What was wanted of him, predictably, was to report on the behavior of the others in the group, including informers planted earlier. Given the afternoon to ponder, Edward became ill. It was the opposition of his unusually principled girl friend that tipped the balance, giving him the fortitude to decline. Crying in the officer's presence, he regretted the decision bitterly even as it sounded on his lips. His passport was taken from him before he completed his explanation.

Edward's self-pity dilated to greater size and weight with every memory of the injustice earned by his noble refusal. In the absence of any hope for travel, he became obsessed by Western possessions. This demoralization made him more promising to the KGB than if he had accepted their conditions for the Geneva

46^MOSCOW FAREWELL

trip—in which case he could have claimed he'd seen nothing worth reporting. When a second officer offered him a chance for redemption by "helping out" in the dormitory, fresh tears—this time, of relief, anticipation and self-reproach—accompanied his acceptance.

But now his sorrow for himself swelled yet faster: he was not just a victim, but simultaneously an informer—a pimp for pimps. It was not only Western things that had beguiled him all his youth, but also Western notions of privacy and individual dignity, from which his voluntary peonage had excluded him forever. To assuage his remorse, he took to cautioning foreigners about himself, cursing his weakness and pleading for understanding; mixing mea culpas with tortuous explanations. (It was Edward who, days after my arrival, motioned me into the corridor, away from the bugs, to give me my first whispered warning. "You're the new American? Beware. Your moves will be watched, every word recorded. Believe me, there's a microphone in your room; I've heard the recordings.
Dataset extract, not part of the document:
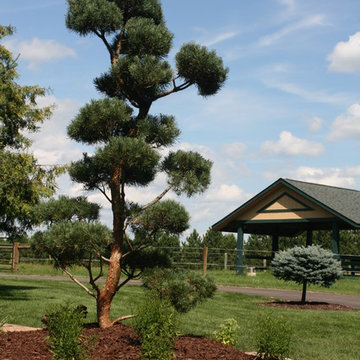 Lowes Creek Residence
I tell you this as a friend, someone who hates treachery.")

Sometimes the spectacle of his self-incrimination moves Westerners to soothe him with gifts of rock'n'roll records and James Bond paperbacks. Other times, the trinkets are an inducement for him to quit their rooms at last. Far from evil, Edward makes it as plain as anyone that only the accident of birth has given me the luxury of not having to be a hider or a liar. But his piteous attempts to win approval by confessing sins to the very people on whom he practices them are authentic Dostoyevskian self-destructiveness. Each admission sucks him deeper into the whirlpool of self-pity and self-loathing; lowered even further in the eyes of his masters and his quarry, he tries harder to please both. There is no escape, only the solace of new items of secondhand clothing, which, by compounding his debt, also fuel the dismal cycle. Ruined at twenty-four, he can only hope that the police retain him in this petty servitude and allow him to keep his loot. And, as his spirit descends, he can trade up: from a two-year-old London Fog to an almost-new Burberry.